Jesus taught that we should not necessarily conform to the practices and patterns of the world around us.
For example, the Disciples were challenged by Jesus to question their ambitions and act with ever-greater humility. He emphasised that they should seek to serve one another, rather than be served (e.g. Mark 11:42-45).
The instruction was often ignored. Even at the Last Supper, Jesus decided to intervene in a discussion about which of them might be about to betray Him when it descended into a row about who was the ‘greatest’ (Luke 22:24). About 10 years after the crucifixion, resurrection and ascension of Christ, it seems that the Early Church still struggled with the task of being humble. Jesus’ half-brother, James, wrote these words in the third chapter of his letter:
13 Who is wise and understanding among you? By his good conduct let him show his works in the meekness of wisdom. 14 But if you have bitter jealousy and selfish ambition (eritheia) in your hearts, do not boast and be false to the truth. 15 This is not the wisdom that comes down from above, but is earthly, unspiritual, demonic. 16 For where jealousy and selfish ambition (eritheia) exist, there will be disorder and every vile practice. 17 But the wisdom from above is first pure, then peaceable, gentle, open to reason, full of mercy and good fruits, impartial and sincere. 18 And a harvest of righteousness is sown in peace by those who make peace.

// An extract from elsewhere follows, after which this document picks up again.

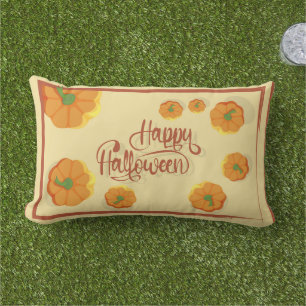 Coussin D'extérieur Carte de voeux encadrée Happy Halloween typographi
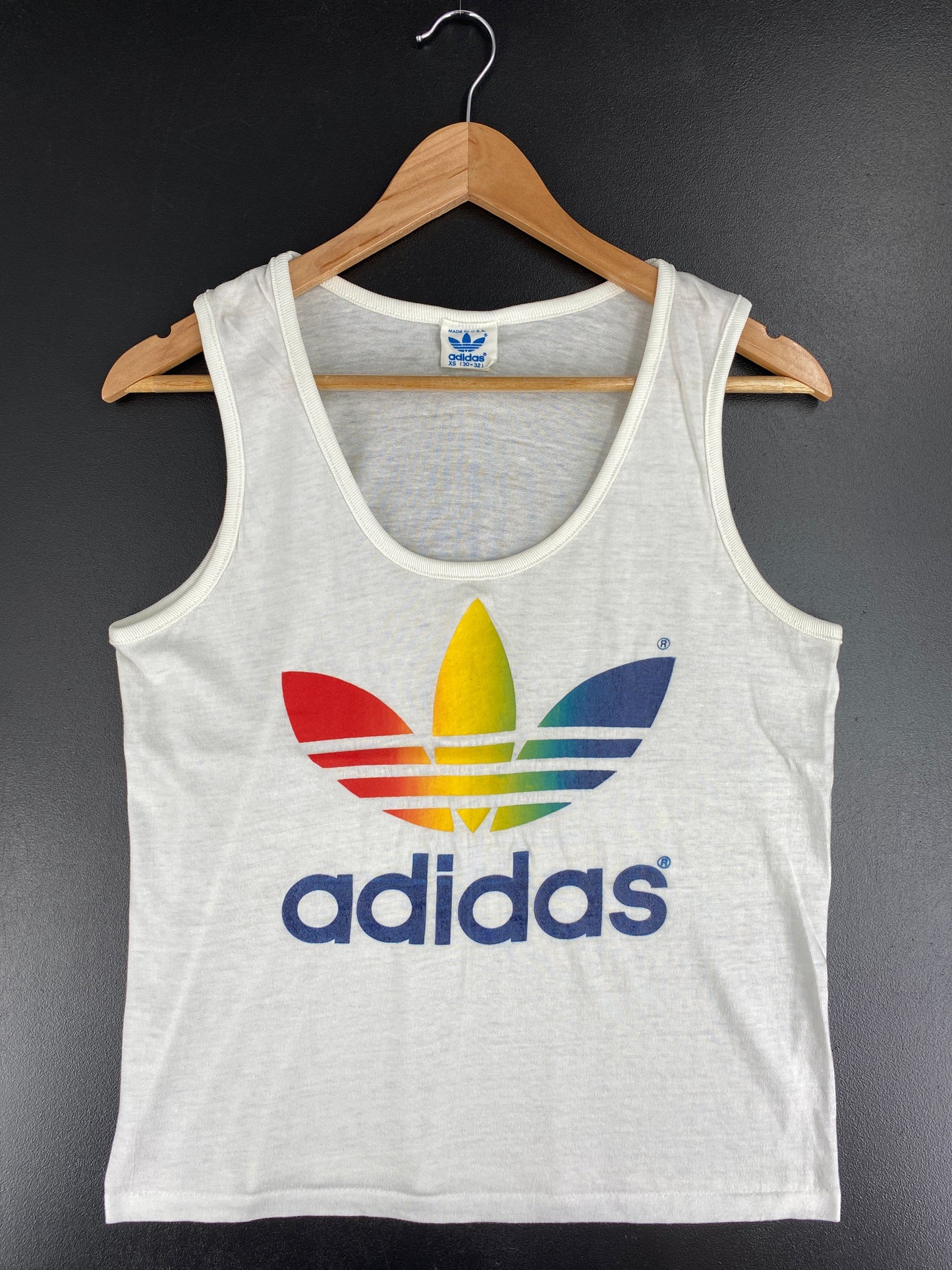 .80's ADIDAS Made in USA Size XS Vintage Tank Top / F176T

In this little reflection, I would like to focus on a single Greek word that James employs. I’ve shown where it crops up in the passage above by putting it in brackets after its translation.
The Greek word eritheia (rendered as ‘selfish ambition’) is clearly highlighted as something to be avoided. Prior to its use in the New Testament, Aristotle made use of eritheia to describe ‘electioneering’ or ‘intriguing for office’. It seems to describe the behaviour of a person who tries very hard to establish himself or herself in a position of importance.
As is often the case when correcting wrong behaviour, we have to identify and then engage in the opposite type of behaviour. Helpfully, Paul also makes mention of eritheia in chapter two of his letter to the church at Philippi. He is kind enough to offer a delightful picture of an opposing, Christ-like approach to life:
3 Do nothing from rivalry (eritheia) or conceit, but in humility count others more significant than yourselves.
It seems as though Paul is encouraging us to establish those around us in preference to ourselves. Such an encouragement raises many questions, not least: if I’m busy building up those around me, who then will establish me?
Returning to James’ letter we find a simple and direct answer (4:10):
Humble yourselves before the Lord, and he will exalt you.
We are called to take a step of faith and replace our lowly scramble to establish ourselves with a joyful surrender to God and His ability to establish us for His glory.